Tuesday 1 April 2014

How I Met...

… everyone we know.

Something ended today. I'm a little sad, but have had lots of time to accept and prepare for this moment, so my lightly beating heart could read all of what it needed to today.

I want to tell our stories.

At the latest reunion, everything felt a little different. Like the piece of string that holds us all together was pulled taught, under strain, and the knots and frays were slightly more visible.

It's always a moment, at one in the morning, when I think about the end game. How do I want that night to end, and where, in the distant future, do I see all this going?

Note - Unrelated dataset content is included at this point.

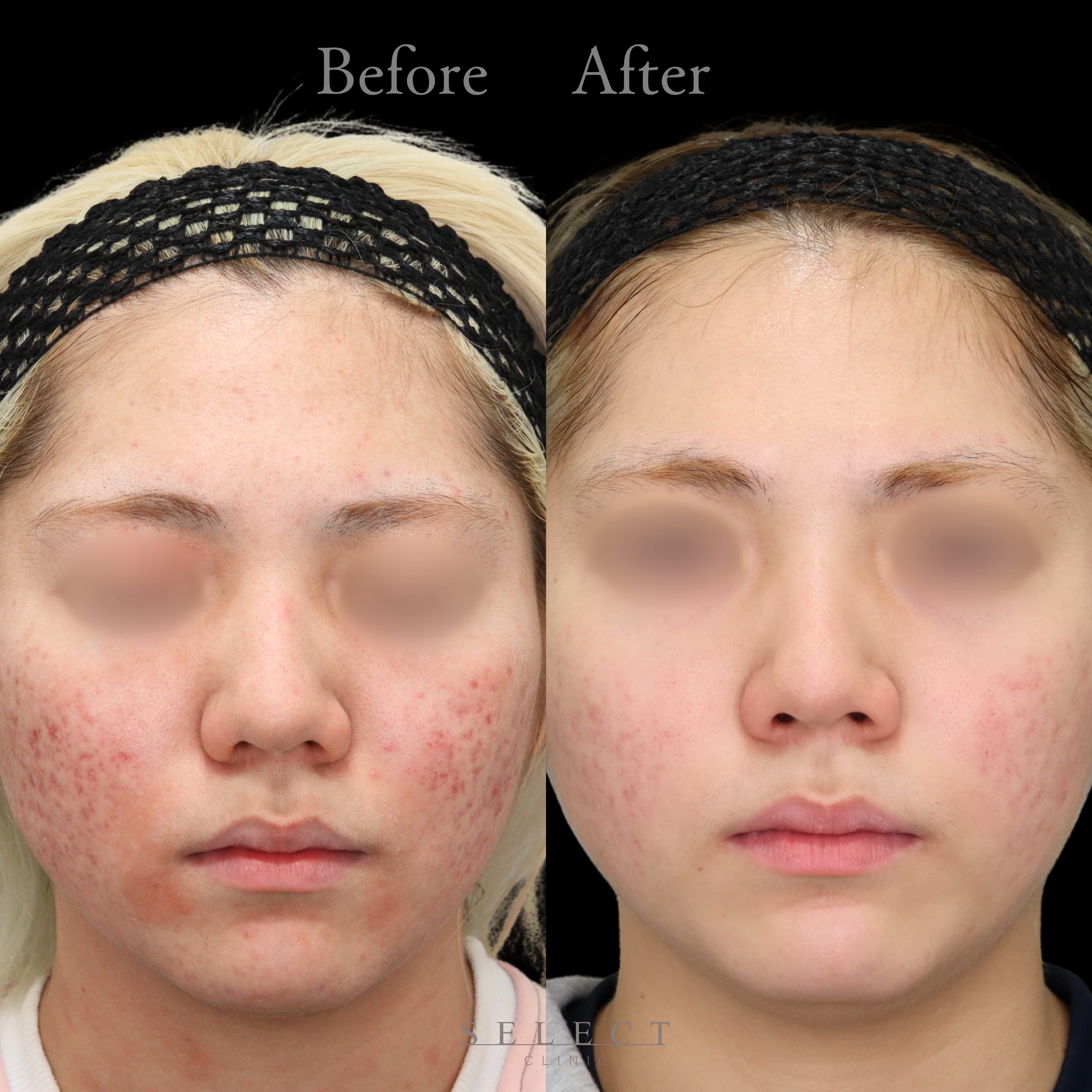 施術前後の肌の違い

The problem with the How I Met Your Mother finale is that Robyn and Ted aren't supposed to end up together. We got told that in series 1. So my reflections of TV in real life have to be portrayed as 'how TV should be'. We don't end up with the girl we saw from across the bar and had to speak to right away and didn't stop giving up after 50 fucking years.

But we do all remain friends. And I love my friends, and I love seeing my friends, and sometimes I wish I could put life on hold and pretend like we're all still at uni and play inflataBall and just drop everything.

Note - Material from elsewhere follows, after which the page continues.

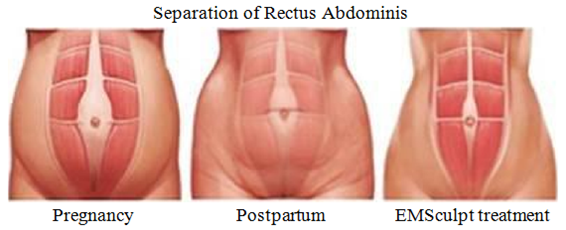 Melhorar a separa&ccedil;&atilde;o de reto abdominis.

My life doesn't stop. Neither does theirs. Macina and Emily, Will, Nathan, Al. Sophie, Martin, Paul. Coates. Matt and Danni. Maria. Jesus, Maria's life doesn't stop. And our worlds keep turning whether we're in the gravity of one another or not. It's hectic and crazy, and the brief moments when we can see each other are usually equally hectic and crazy. The peaceful thought is that one day, we'll all be settled in to our lives, and we'll have partners and rings and babies and weird other grown up things. And we'll be able to afford hotels and not have to endure Al's snoring. And that's the end game for me. Getting there; having those friends from uni, from high school, and from now. I've just got to get there.

I also want to remind someone of a pact we made in a train station on one of the most heartbreaking days of my life. We will sit down, in a year, in ten years, I don't know. We'll sit down and drink tea, eat custard creams, laugh at me polishing grapes. And christ, will we have a lot to talk about. That's our end game.

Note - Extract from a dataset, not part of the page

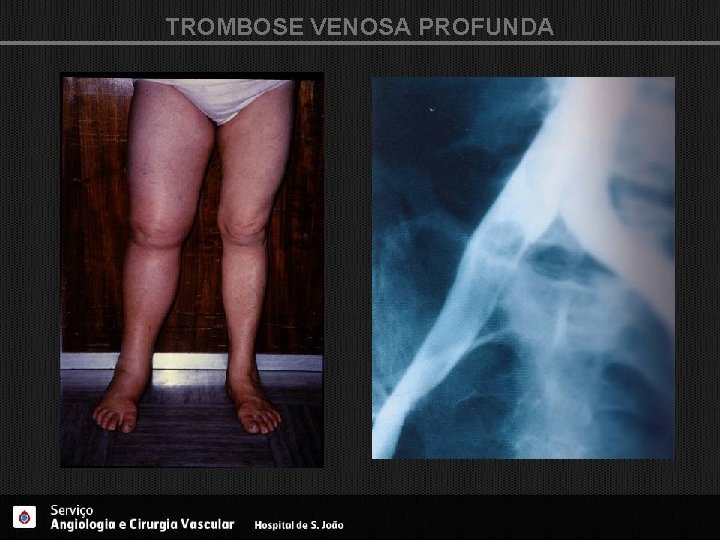 TROMBOSE VENOSA PROFUNDA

Hopefully he'll return soon, but at the moment I'm missing a friend. Jen took my Number One away because she's bizarre and doesn't trust him with anyone and potentially cut off his balls and his them in her handbag. And I hate it, because I miss him.

I just hope that he's the only one I lose. I could understand another girl having issue with me, but I equally hope that there is enough trust and enough knowledge of all our lives together to know that these friendships are golden.

I'm just hoping that I can escape in May.